A detained protester shouting in a police car during a Day of Wrath rally on Teatralnaya Ploshchad on Sunday.
Police detained 28 opposition activists to prevent them from demonstrating in central Moscow on a national holiday celebrating the country’s emergence as an independent state as the Soviet Union crumbled.
This year the June 12 holiday, now called Russia Day, came exactly 20 years after Boris Yeltsin was first elected president of Russia when it was still part of the Soviet Union.
Tens of thousands of people, most of them members of pro-Kremlin youth groups bused in from provincial towns, attended a pop concert and fireworks display on Red Square on Sunday evening. Crowds gathered throughout the day.

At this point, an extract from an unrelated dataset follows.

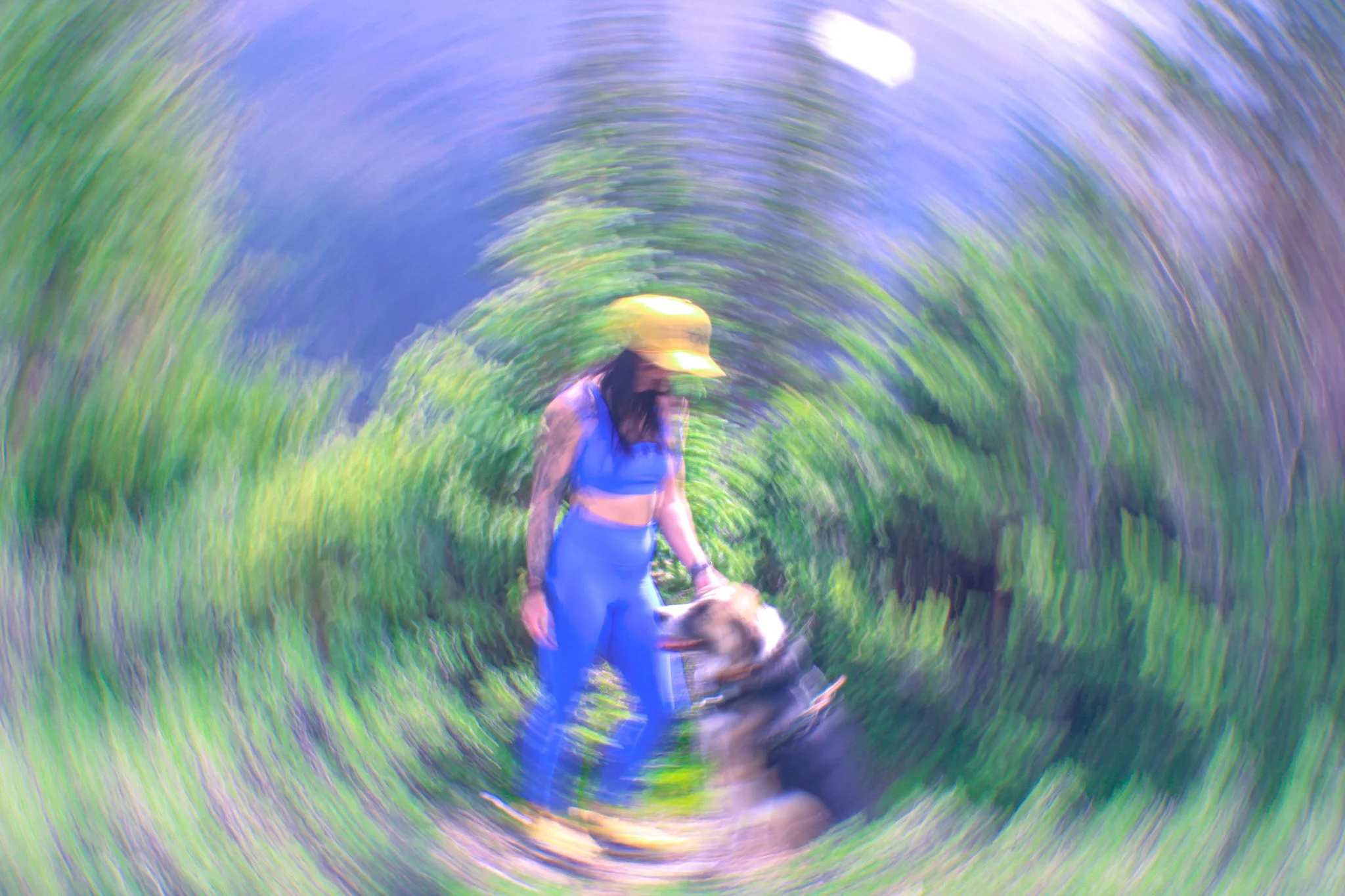 Kate Davis stands next to a mountain trail with her dog, Moose. The image is edited to look like a swirl.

Police, who were out in force to prevent any unrest, moved quickly to break up a “Day of Wrath” demonstration by a variety of opposition groups on Teatralnaya Ploshchad. Police said 28 were detained and later released.
Opposition leader Sergei Udaltsov, one of the first to be detained, said his activists from Left Front “believe that in 20 years Russia hasn’t become a free democratic country.”
The June 12 holiday traces its history to events that were intended to put Russia on the path to becoming a democracy. On that date in 1990, the legislature of the Russian Soviet republic declared the sovereignty of Russia, which intensified the struggle for power between Yeltsin and Soviet leader Mikhail Gorbachev.
One year later, Yeltsin was elected to the newly created post of president of Russia. Many consider that election more democratic than any held before or since.
The June 12 holiday, originally called Independence Day after the fall of the Soviet Union in late 1991, was given its current name in 2002 when Vladimir Putin was president. Polls show that few Russians today know the origins of their national day.
President Dmitry Medvedev spoke about the significance of the holiday as he handed out state awards during a Kremlin ceremony.
“Let me remind you that then, already 21 years ago, many things happened in our country for the first time,” Medvedev said. “Russia for the first time in full voice declared that it would adhere to the principles of democracy.”
Under Putin and Medvedev, who were photographed clinking champagne glasses after the Kremlin ceremony, many of the democratic achievements of the 1990s have been rolled back.